On ne doit pas oublier que cette même communauté a endossé le qualificatif de « terroristes » pour désigner les Palestiniens et plus généralement les Arabes et particulièrement lorsqu’ils s’identifient musulmans. Dans un contexte de délitement des relations internationales et de la res publica, peu de voix s’élèvent, au niveau de la communauté internationale, contre de telles qualifications. Des excuses du ministre des Affaires étrangères suffisent-elles à laver l’affront ?

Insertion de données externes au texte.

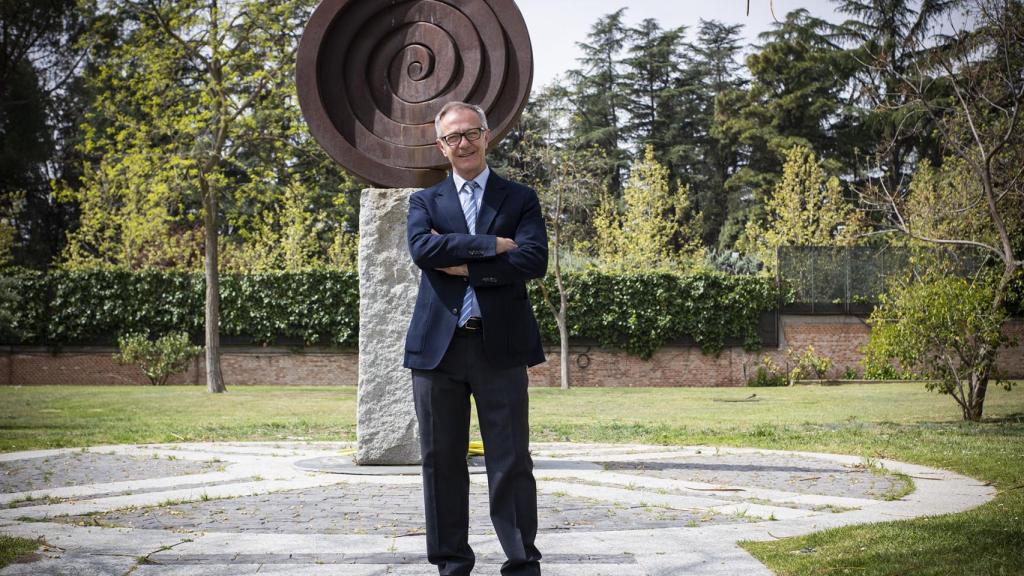 José Guirao en los jardines de La Moncloa.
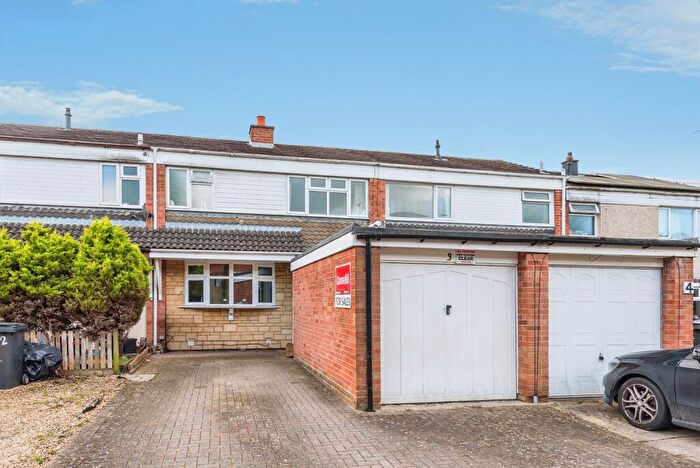 3 Bedroom Terraced House For Sale In Raybrook Crescent, Swindon, SN2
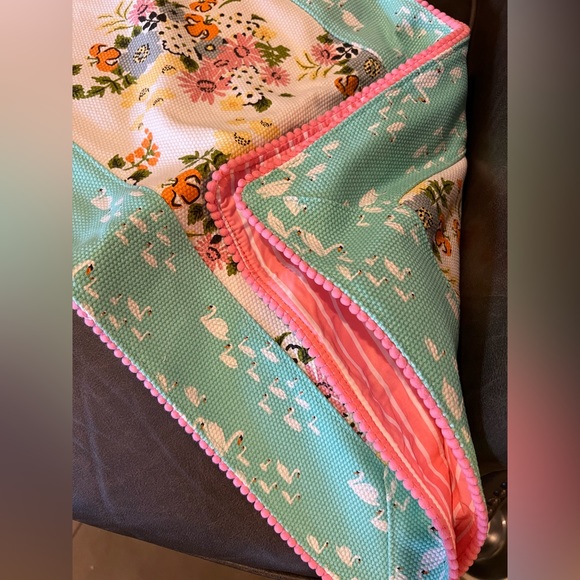 Matilda Jane Feather Table Runner - Picture 1 of 3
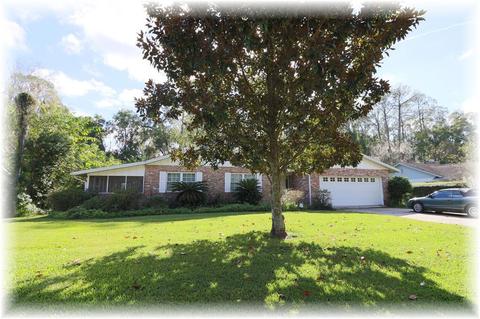 2002 NE 5th Pl, Ocala, FL 34470 photo 1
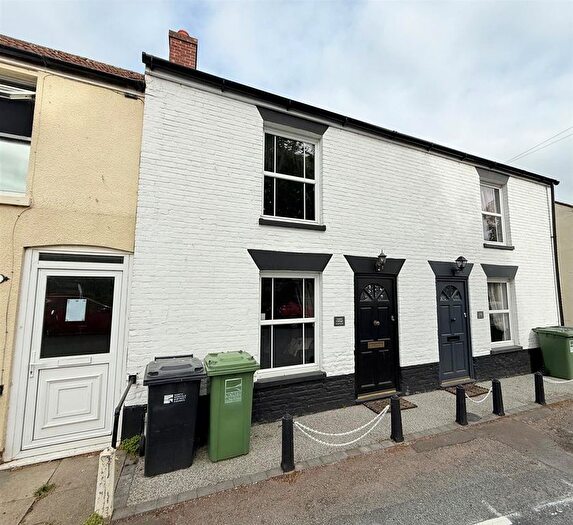 2 Bedroom Cottage For Sale In High Street, Ludham, NR29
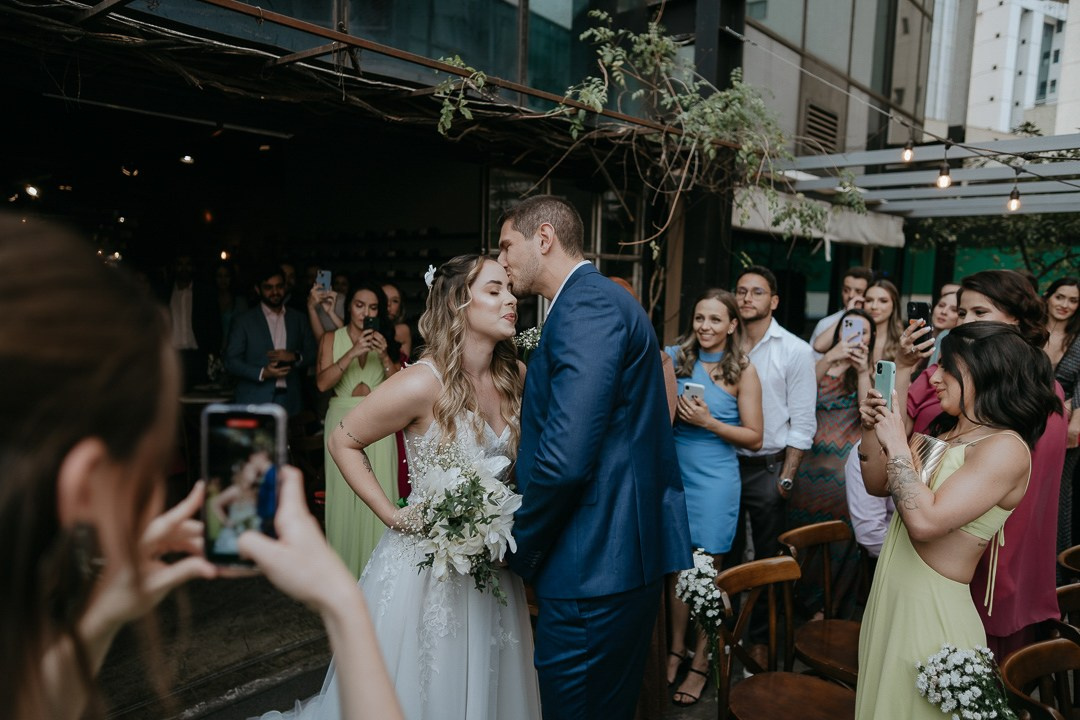 Julia e Leo disseram sim em um casamento intimista no Mocca Coffee & Meals cheio de emoção e conexão. A Edu e Josi Fotografia fotografou cada instante de forma documental e afetiva.
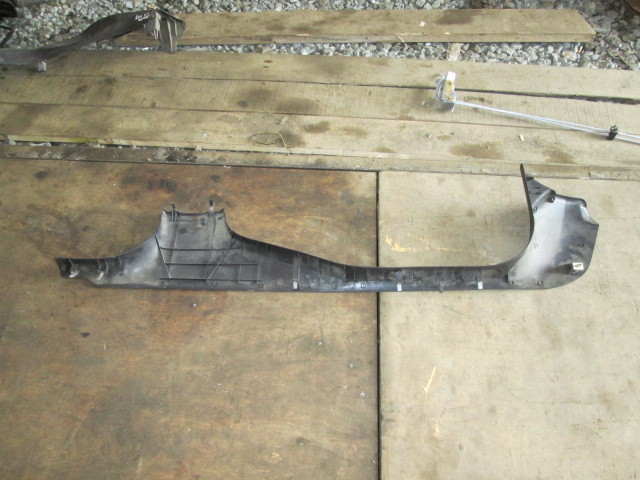 Накладка порога (внутренняя) Ford Fiesta V 2001-2009 на Ford Fiesta V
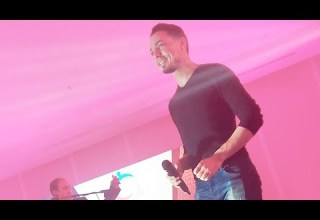 فيصل عقل دزيت على أوراق سلامي The Pearl Sousse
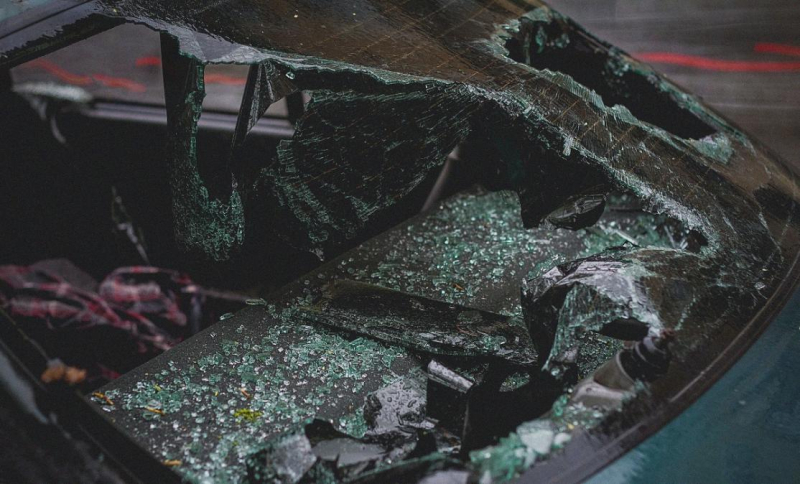 Crash Audi Q7: auto in tweeën gesplitst 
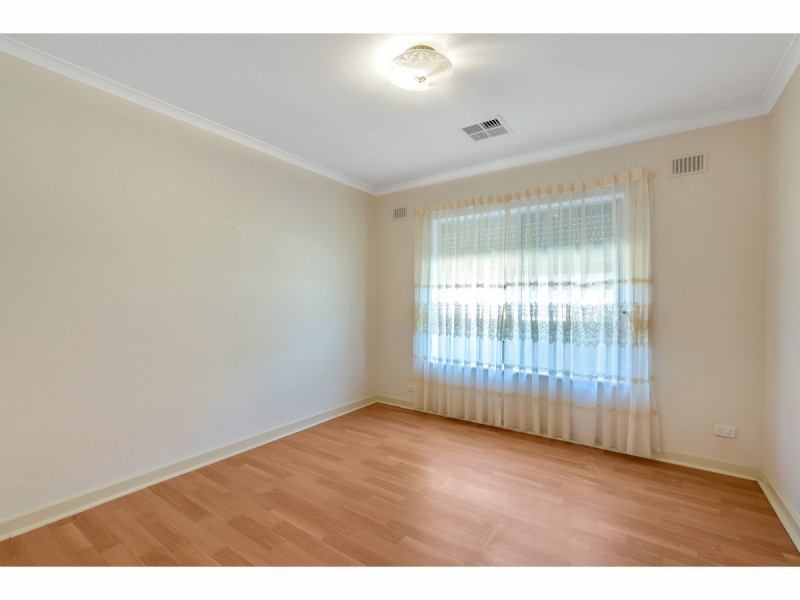57 Cresdee Road, Campbelltown SA 5074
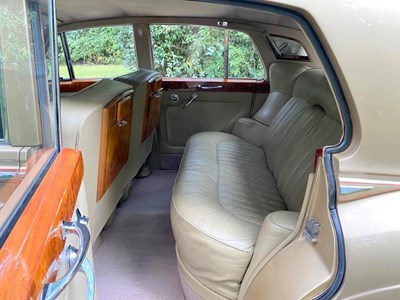 Lot 12 - 1962 Bentley S2
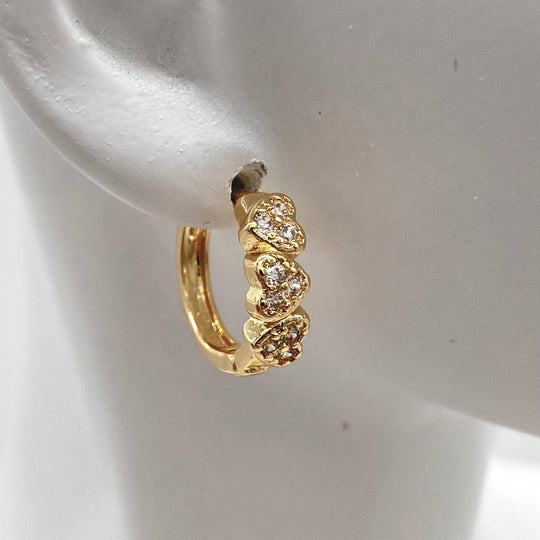 HUGGIE 3 CORAZONES CHAPA DE ORO 18K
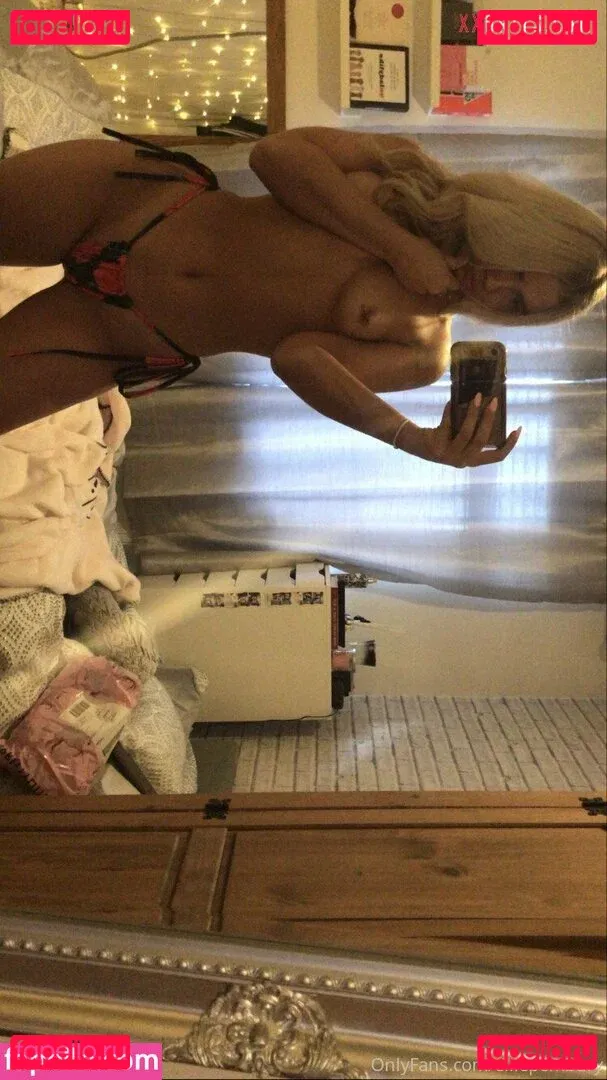 Ellie Pembury Onlyfans Photo Gallery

Non, il est profond et vient de la mise en esclavage, de la colonisation et du vol commis par la France sous la forme d’une dette illégale obtenue uniquement dans un rapport de force au détriment de l’Etat haïtien : 15 navires pointant leurs canons sur la ville de Port au Prince jusqu’à l’obtention de la signature de la reconnaissance de dette. Il vient de la rage française d’avoir perdu cette île, l’une des plus riches de l’espace caraïbe; la même rage s’exprime pour avoir dû abandonner sa colonie algérienne. Le récit national français ne se remet pas de ces pertes. Alors lorsque l’autre habite un pays non seulement petit mais face à une crise institutionnelle d’une immense gravité, plutôt que d’analyser les raisons du mal développement de Haïti, on insulte son peuple. Petite vengeance mais grand symbole du processus colonial et de l’expression de la colonialité du pouvoir. Il n’est pas le seul, l’ex futur président des Etats Unis n’a-t-il pas affirmé, durant sa dernière campagne, que les Haïtiens se nourrissaient de chiens ?
Ces insultes n’ont comme objectif que de déshumaniser le peuple haïtien mais surtout de le délégitimer dans ses revendications de son droit à l’autodétermination et à sa souveraineté politique. Quand certaines personnes refusent de penser, ils en viennent aux attaques ad hominem. N’oublions pas que ces deux présidents ont une histoire de vol avec Haïti ; la France avec une dette illégale qui est ni plus ni moins qu’un vol, les Etats Unis avec un autre vol qui a consisté à vider, en 1914, les banques haïtiennes de leur or. Or toujours sur le territoire nord-américain.
Ceux qui prétendent dominer le monde actuel sont ceux qui le mène vers sa perte ; tournons nos yeux vers la Palestine, le Yémen, Haïti et vers combien d’autres pays et peuples dont la mise à mort est le souhait sublimé de la colonialité du pouvoir…
Haïti ne peut rester seul, la mise en place d’un processus de réparations collectives et politiques est l’alternative pour libérer ce pays et son peuple des tentacules mortifères du colonialisme et des velléités impérialistes.